HIGHLANDERS' Institute continued.
Kate Woods lived near the HI in Berkley Street, and at chucking-out time often heard the drunken strains of the Northern Lights of Old Aberdeen, or somesuch. Says Kate: "One evening we heard a window yanked up and a very irate Glaswegian yell, 'If youse teuchters wanny see the Northern Lights I'll boot yer erses there the noo - nae charge!' There was silence for a moment, and then the singing resumed.

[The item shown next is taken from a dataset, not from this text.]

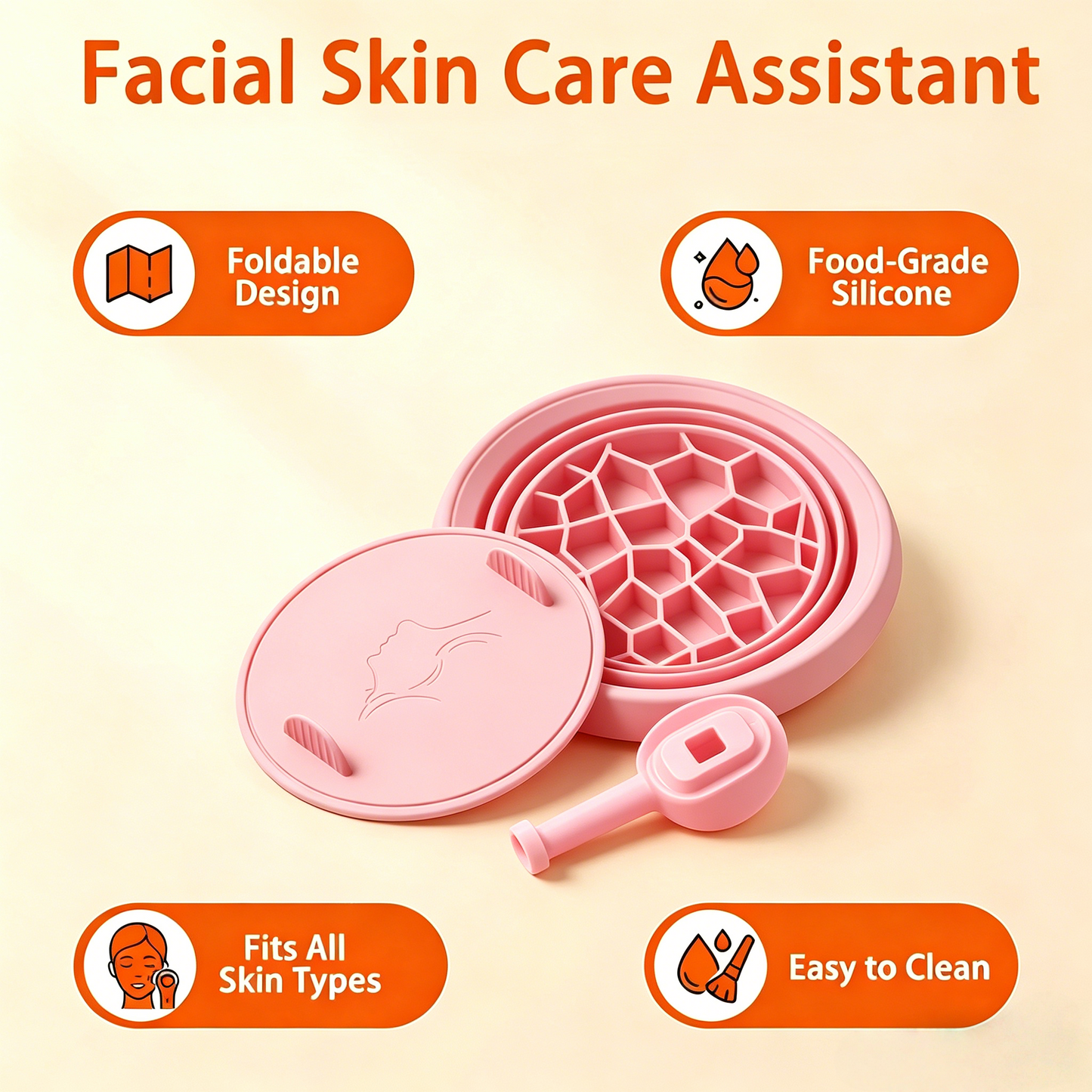 Foldable Facial Ice Bath Bowl with Breathing Tube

We decided that the singers were Gaelic speakers and had not yet learned the finer points of the Glasgow dialect."
Spot the comic
FOOTBALL on the telly, and Jim Gilmour was on holiday on Minorca when he saw a blackboard outside a pub on which was chalked "Live Scottish football on TV. Celtic v Dandy."

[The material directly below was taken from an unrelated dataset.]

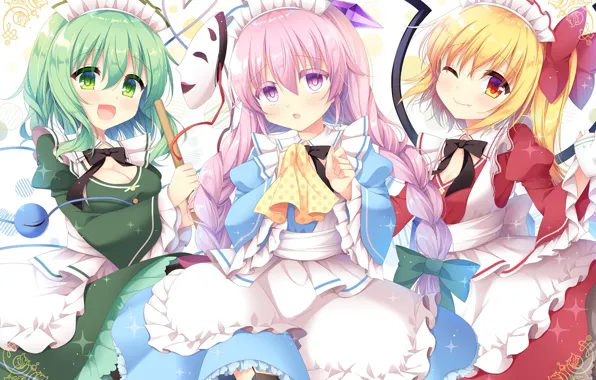 Kawaii, girl, dress, fox, anime, Touhou, mask, sugoi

Come on, who wouldn't pay good money to see Celtic against the likes of Desperate Dan and Corky the Cat?
Rising to the challenge
WE mentioned puns in French stores, and Sebastian Robinson in Glasgow's west end tells us: "I noticed in the very swish Rue St Honore in Paris a sandwich shop called Plaisirs et Pains."
Queen's English
THE TV commentator who pronounced the Scottish team St Mirren as if it was French reminds Gordon Fleming: "My friend Eddie, having just finished his degree at Queen's, Belfast, was looking for a wee house in Ayrshire. He had been given details of a cottage in a village next to Prestwick, but as he asked for directions to 'San Keevoe' all he got were blank stares until one local worthy realised he was looking for St Quivox."
Ale and hearty
UNDER-AGE drinking. Terrible thing, of course, now that it is years since we did it. But as Andy Cumming recalls: "One friend who wanted his first illegal first pint had some immature moustache hair on his top lip so he decided to fill it out with his sister's eye-liner to make him look older. The first pint was great. But he now sported a rather fetching gringo Mexican-style of facial hair."

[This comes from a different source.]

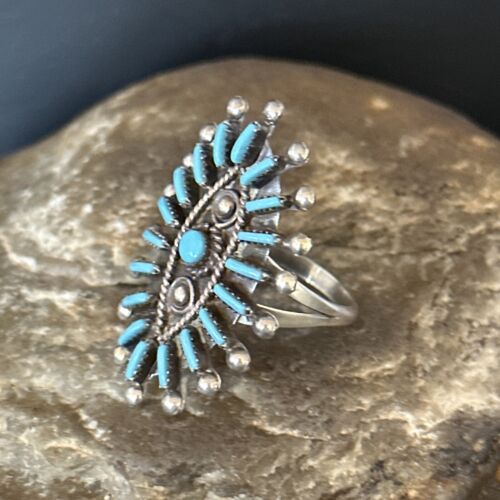 Zuni Blue Turquoise Cluster Needle Point Ring | Authentic Native American Sterling Silver | Multi-Stone | Sz 9 | 14568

Anyone else remember their first under-age pint?
Breaking up is hard to do
INDEPENDENCE humour continued. Singing duo Jonny & The Baptists bring their Stop Ukip tour to Glasgow's Stand comedy clup on Sunday. When asked about their song Scotland Don't Leave Me they explained: "The song is just a funny way to talk about something serious. Scottish independence is not unlike a break-up. England have been idiots, not treating you right, sometimes playing away, and now Scotland has had enough and might move on. But come on! Surely we've got to stay together for the little kids, Wales and Northern Ireland?"
Music to her ears
SHOWBIZ gossip, and actress Gwyneth Paltrow has announced she has split up from her musician husband. As a reader phones to tell us: "I guess Gwyneth finally got around to listening to Coldplay."
Road to confusion
A POLL released yesterday shows that over one-third of Scots are concerned about the driving skills of an elderly relative. It reminds us of the gag about the pensioner stopped for driving far too slowly on the M8. When the police asked why she was crawling along she said she thought the sign M8 meant she had to go at eight miles an hour.
The old fella beside her looked a bit faint, and when the cops asked if he was ok, he told them they had just come off the M90.
Any other tales about elderly drivers?